Yamaha Entertainment Group of America
- Type: Division
- Industry: Music
- Founded: 2001; 25 years ago
- Founder: Chris Gero
- Headquarters: Franklin, Tennessee, U.S.
- Area served: United States
- Parent: Yamaha of America
- Website: hub.yamaha.com/artists/

= Yamaha Entertainment Group =

Yamaha Entertainment Group of America is a division of the American subsidiary of Yamaha Corporation. It is based in Franklin, Tennessee and was created and developed in 2001 by Vice President Chris Gero.

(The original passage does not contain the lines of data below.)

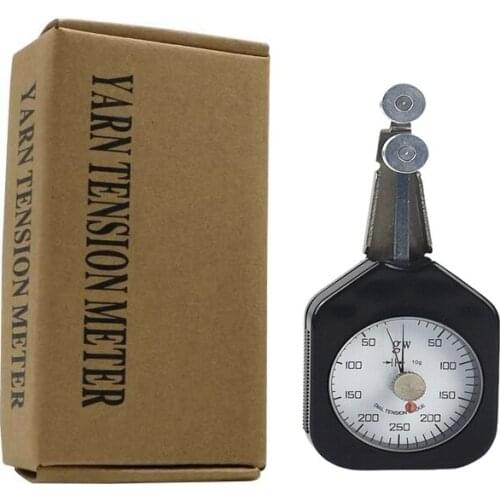 Double Pointer Dial Yarn Tensionmeter with Yarn Tension Meter Range 250 to 20 to 250gw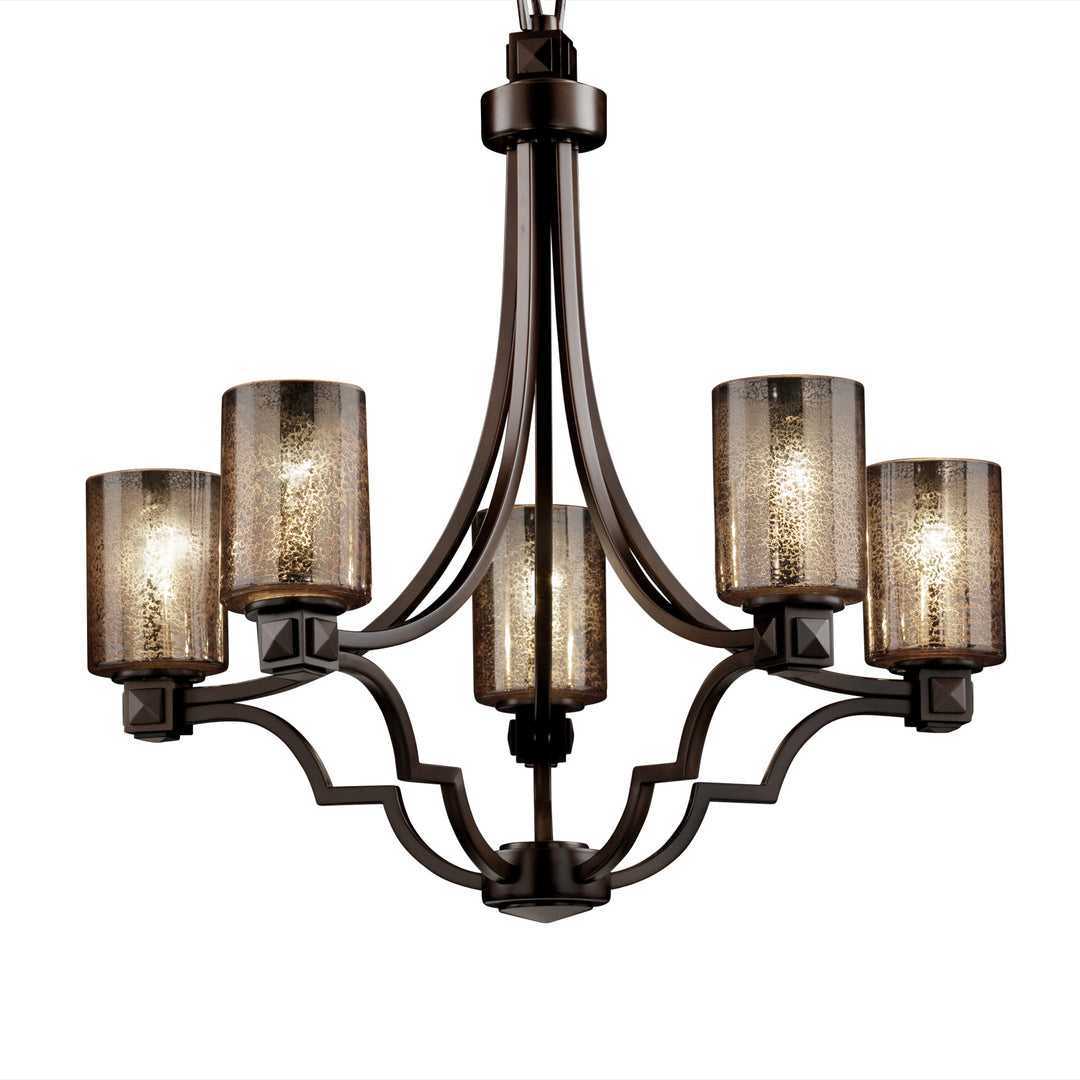 Justice Designs Fusion FSN-8500-10-MROR-DBRZ Chandelier Light - Dark Bronze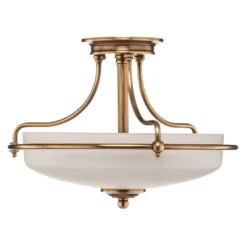 Deckenlampe Griffin mit Abstand, messing, Ø 42 cm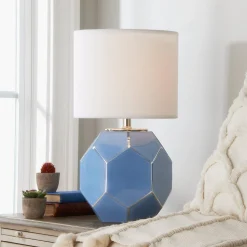 Young House Love Hexagon Glass Table Lamp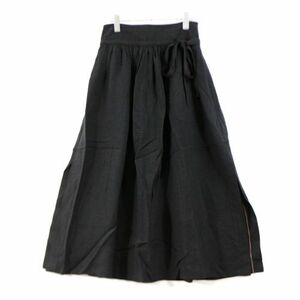 LITTLESHOP リトルショップ kazawa yumie 風間ゆみえ side slit skirt サイドスリットスカート ブラック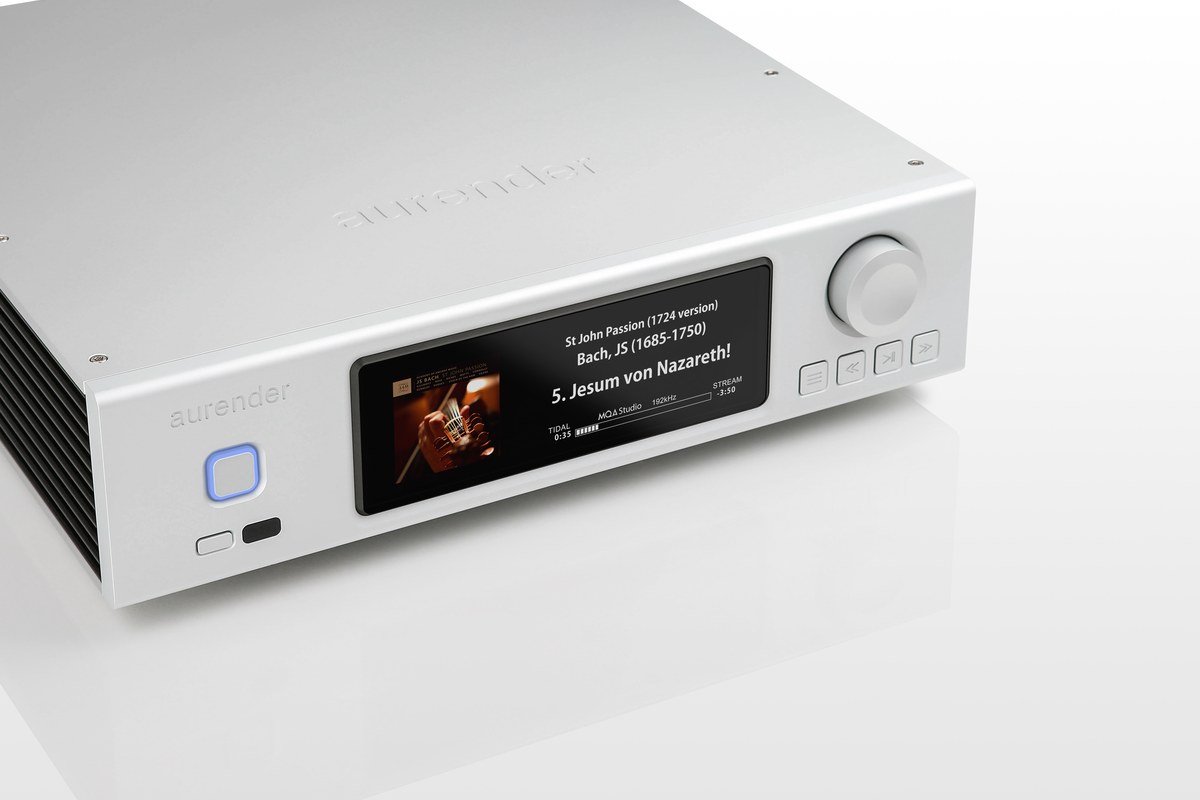 Rear panel of the silver model, analogue and digital sockets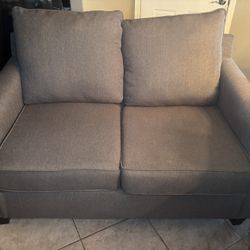 Gray Couch & Oversized Chair Set – $200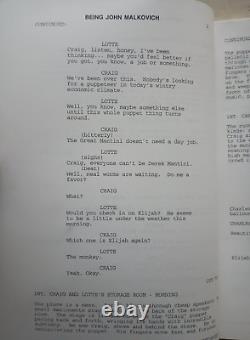 Being John Malkovich (1995) Original Movie Script Final Version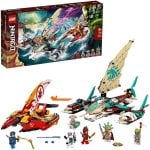 Figura da gioco LEGO Ninjago 71748 Catamarano da battaglia con 6 minifigure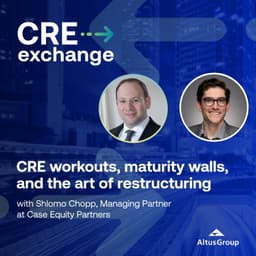 CRE workouts, maturity walls, and the art of restructuring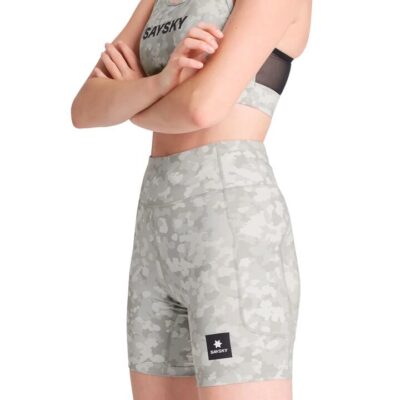 Womens Saysky Camo Combat+ Short Tights 7 Inch Sand Aop
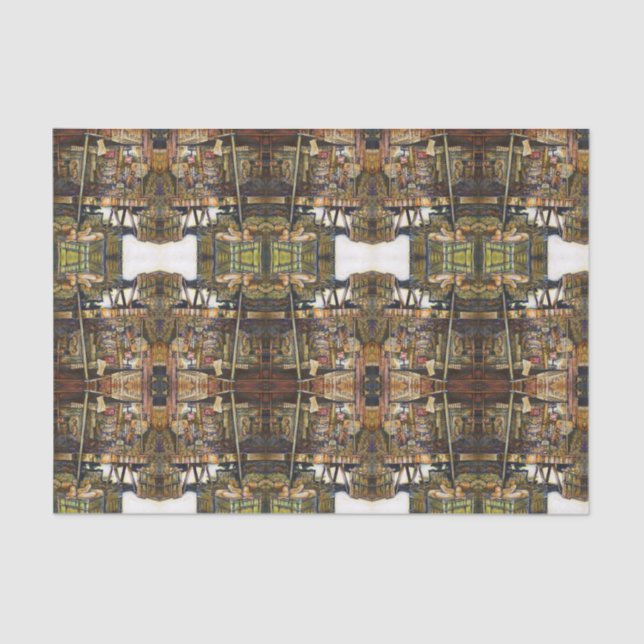 Papel De Seda Criatividade vislumbra tudo mais brilho (Frente )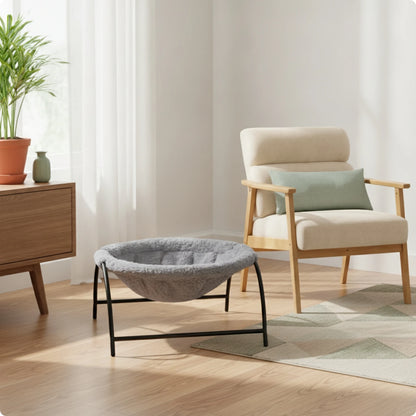 Meadow, Elevated Metal Frame Bed for Cats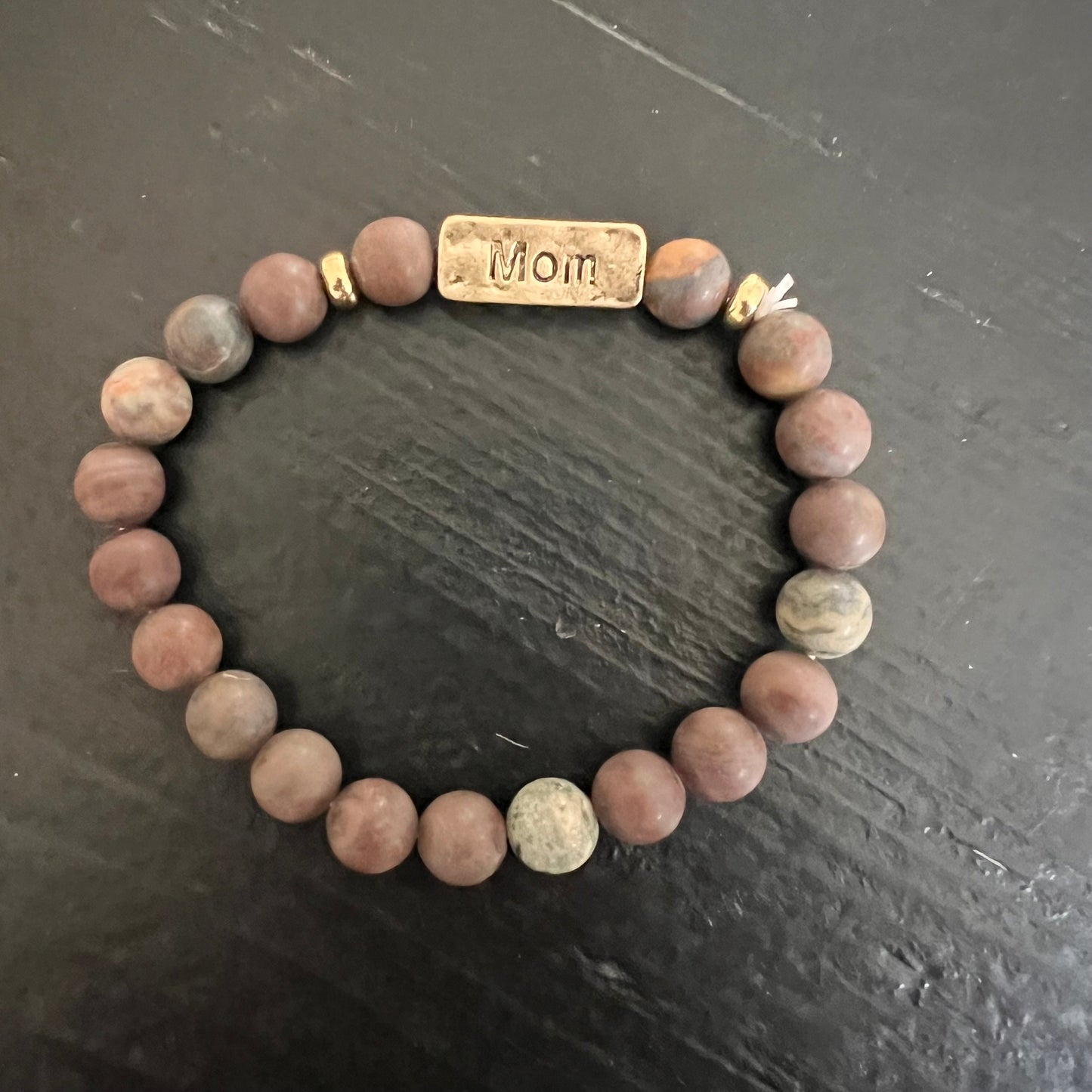 Mom Bracelet | Mothers Day Jewelry | Mom Stone Bracelet | Gift for Mom | Mama Bracelet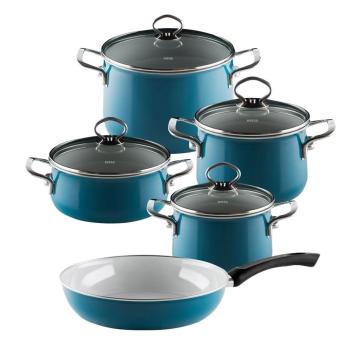 Riess Geschirr-Set 5-tlg., Nouvelle Aquamarin extra stark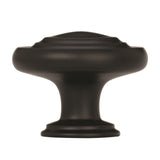 Amerock Cabinet Knob Matte Black 1-5/16 inch (33 mm) Diameter Inspirations 1 Pack Drawer Knob Cabinet Hardware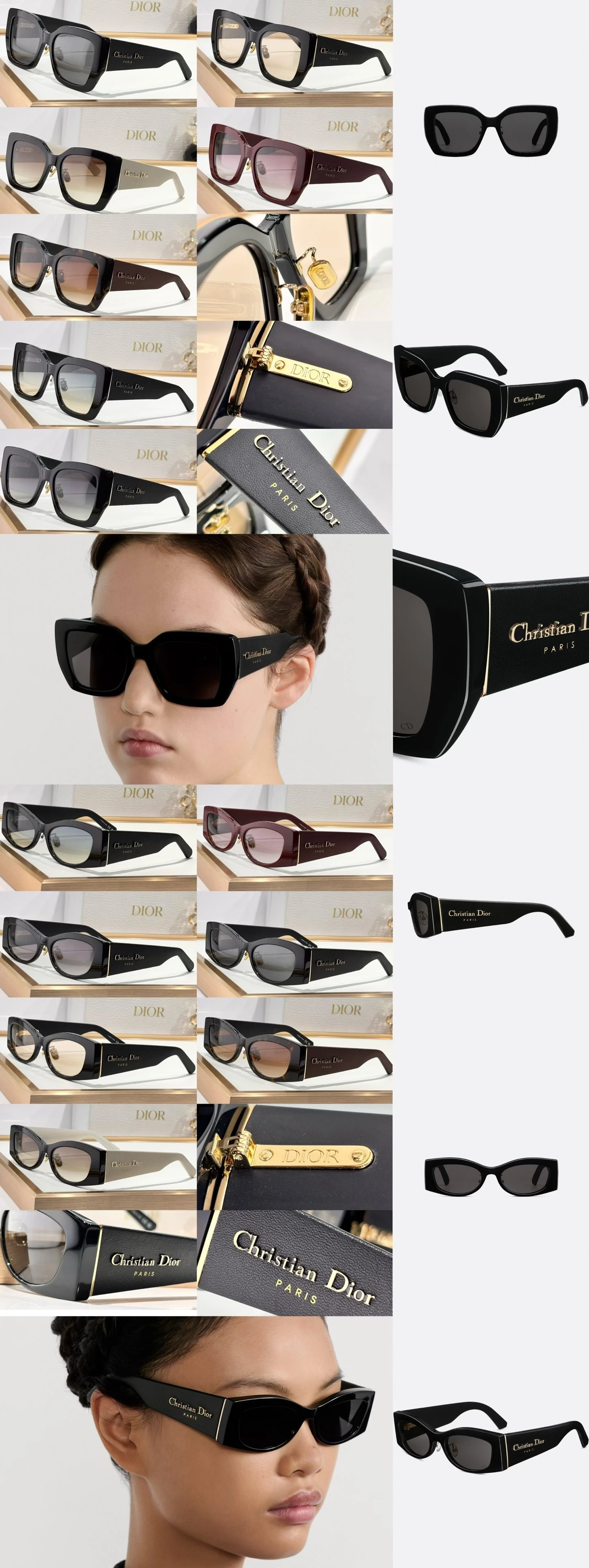 Dior Oversized MOD:DiorOmbre S2F Size:53口19 145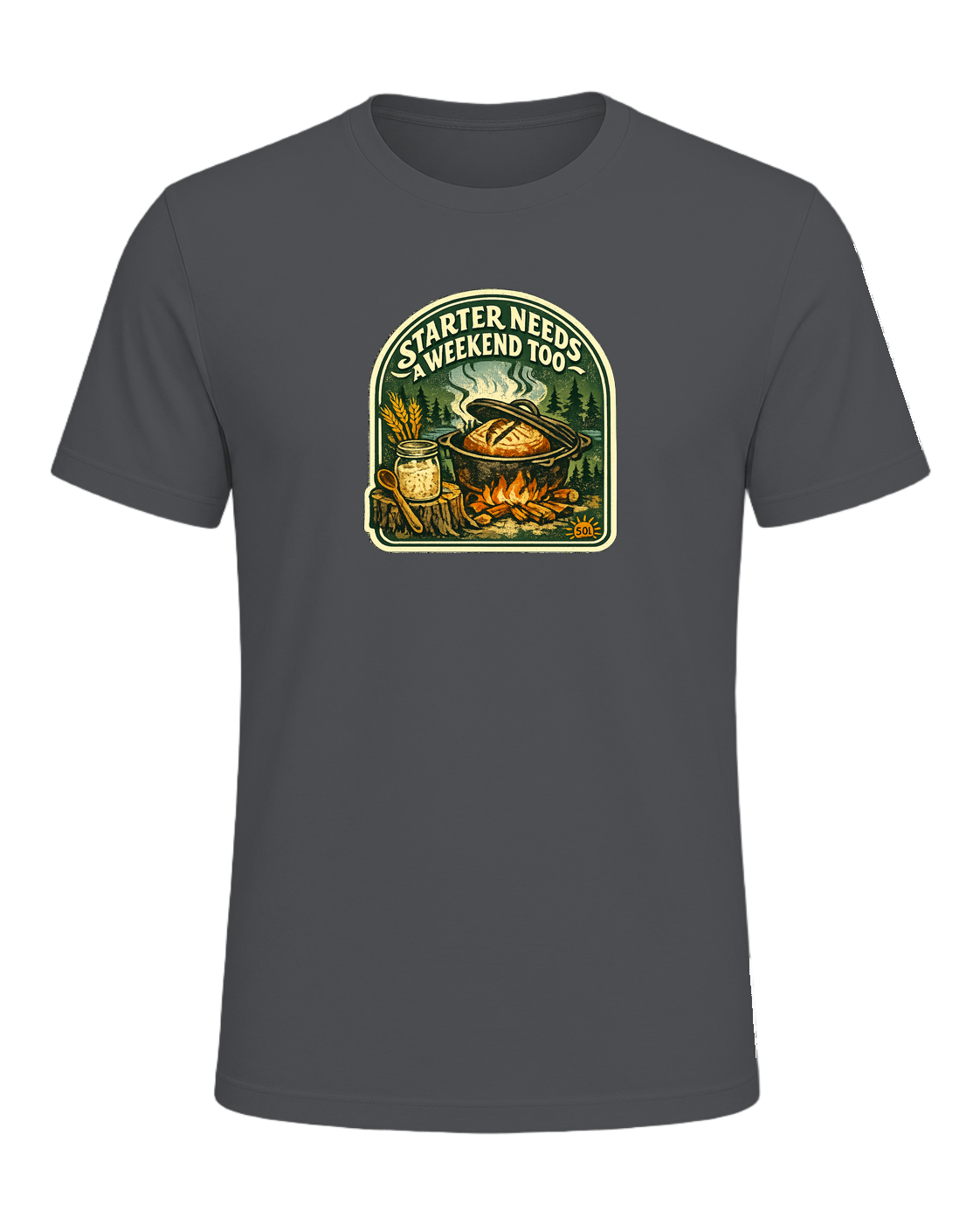 Starter Needs A Weekend Too Tee — Asphalt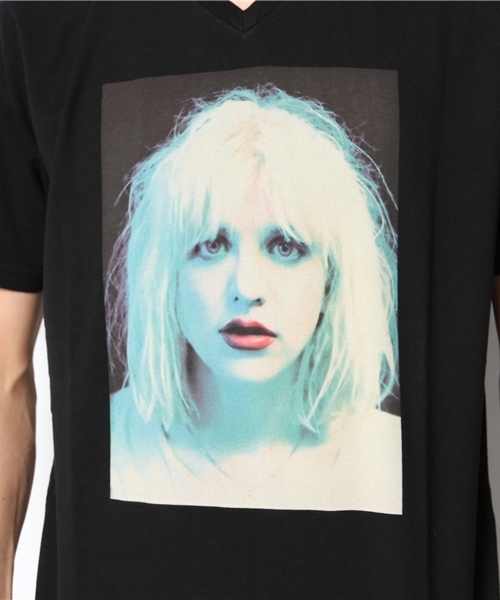 HYSTERIC GLAMOUR(ヒステリックグラマー)の「CL/SWEETHEARTS pt VネックT-SH(Tシャツ/カットソー・メンズ・ホワイト/ピンク/ブラック・SMALL/MEDIUM/LARGE)」の9枚目の写真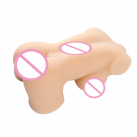 Мастурбатор. Жіночий торс. Для анального, вагінального, грудного сексу. Силікон. photo 5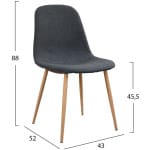 ΣΕΤ ΤΡΑΠΕΖΑΡΙΑΣ 5ΤΜΧ KELVIN HM21116 ΤΡΑΠΕΖΙ ΜΕ ΚΑΡΕΚΛΕΣ ΜΕΤΑΛΛΙΚΕΣ ΜΕ ΥΦΑΣΜΑ - Image 2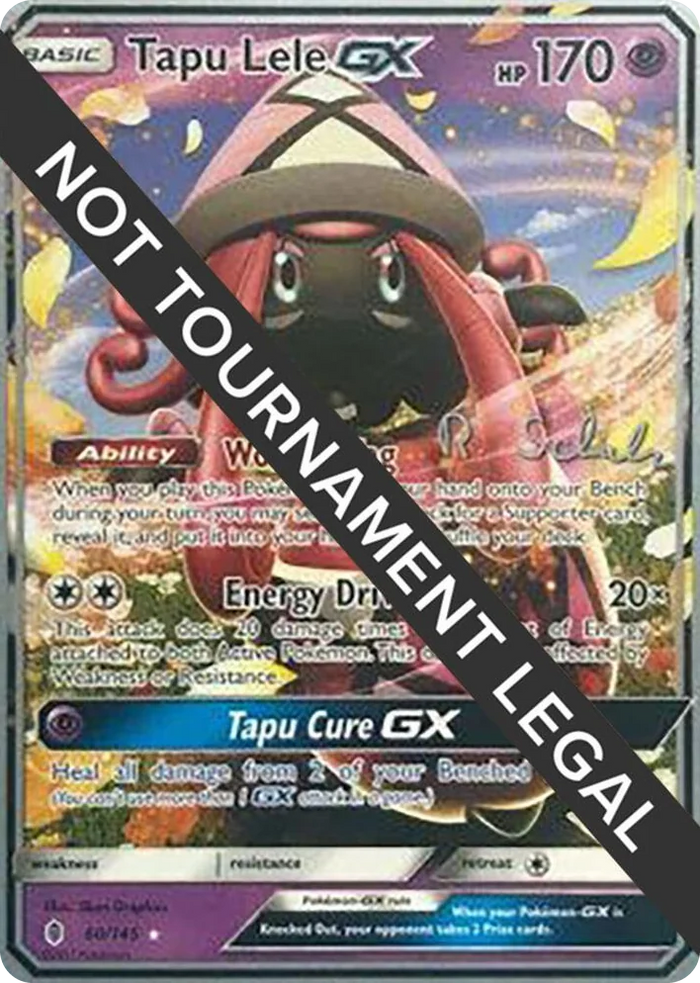 0060 Tapu Lele GX - 2018 (Robin Schulz) Ultra Rare World Championship Decks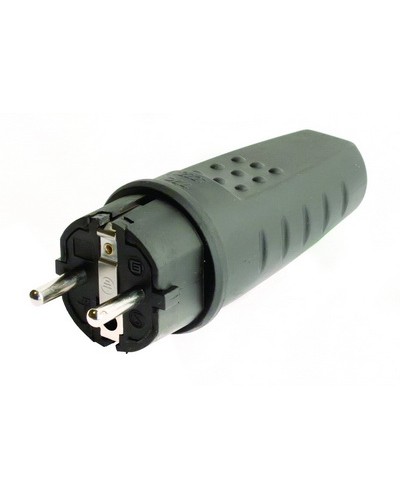 Вилка Schuko. Каучук. DKC DIS1103100 в Хабаровске Аксессуары для стоек и шкафов Pintop.ru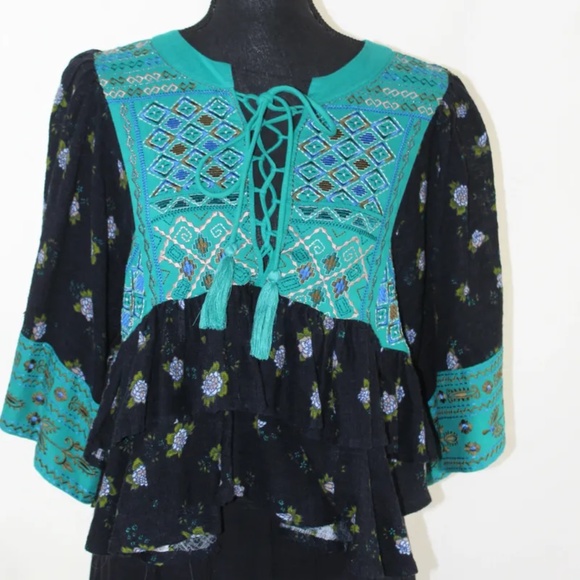 Gently Used/Loved Free People Kissed By the Sun Crop High-Low Top, XS - Picture 1 of 10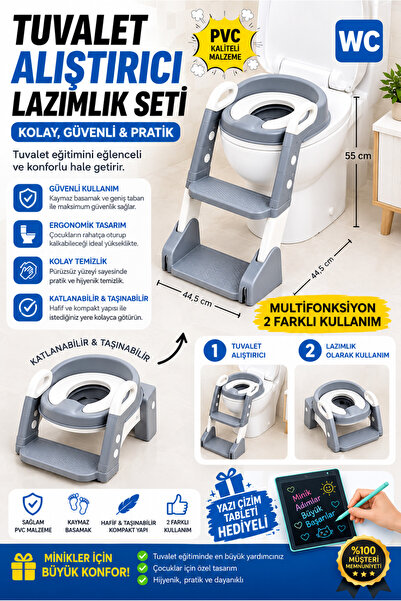 nextbuy Tuvalet Eğitim Alıştırma Koltuğu Tutma Kollu Ayarlanabilir Lazımlık K...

YEG is responsible for the development and advancement of Yamaha brand name through numerous artist-related activities worldwide, which includes endorsements, artist imaging, artist marketing, concert production, media operations, piano logistics, tour support, product placement, artist related publications, artist website development and strategic alliances.

== History ==
A 25-year veteran in the music industry, Chris Gero has spent the last 15 years spearheading Yamaha's artist branding. In 2001, he officially created and developed Yamaha Corporate Artist Affairs. In May 2007, YCAA became a company subsidiary of the Yamaha Corporation of America and became known as Yamaha Corporate Artist Affairs, Inc. Chris Gero, who was serving as the YCAA corporate director, assumed the position of vice president. More than 3,000 artists have been signed to contracts and the largest concerts in Yamaha's 110-year history have been produced under his direction. In 2009, YCAA became officially known as Yamaha Artist Services, Nashville. In 2011, Yamaha Artist Services, Nashville became a part of Yamaha Entertainment Group (YEG), and Chris Gero became the Vice President of YEG.

== Endorsements ==
The primary function of Yamaha Entertainment Group is the endorsement management of more than 3,000 artists and musicians around the globe. Yamaha Entertainment Group manages the Yamaha endorsement relationships of Paul McCartney, Elton John, Norah Jones, Alicia Keys, John Legend, Sheryl Crow, James Blunt, Justin Timberlake, Josh Groban, Sara Bareilles, Jamie Cullum, Chick Corea, Sarah McLachlan, and Gavin DeGraw, just to name a few.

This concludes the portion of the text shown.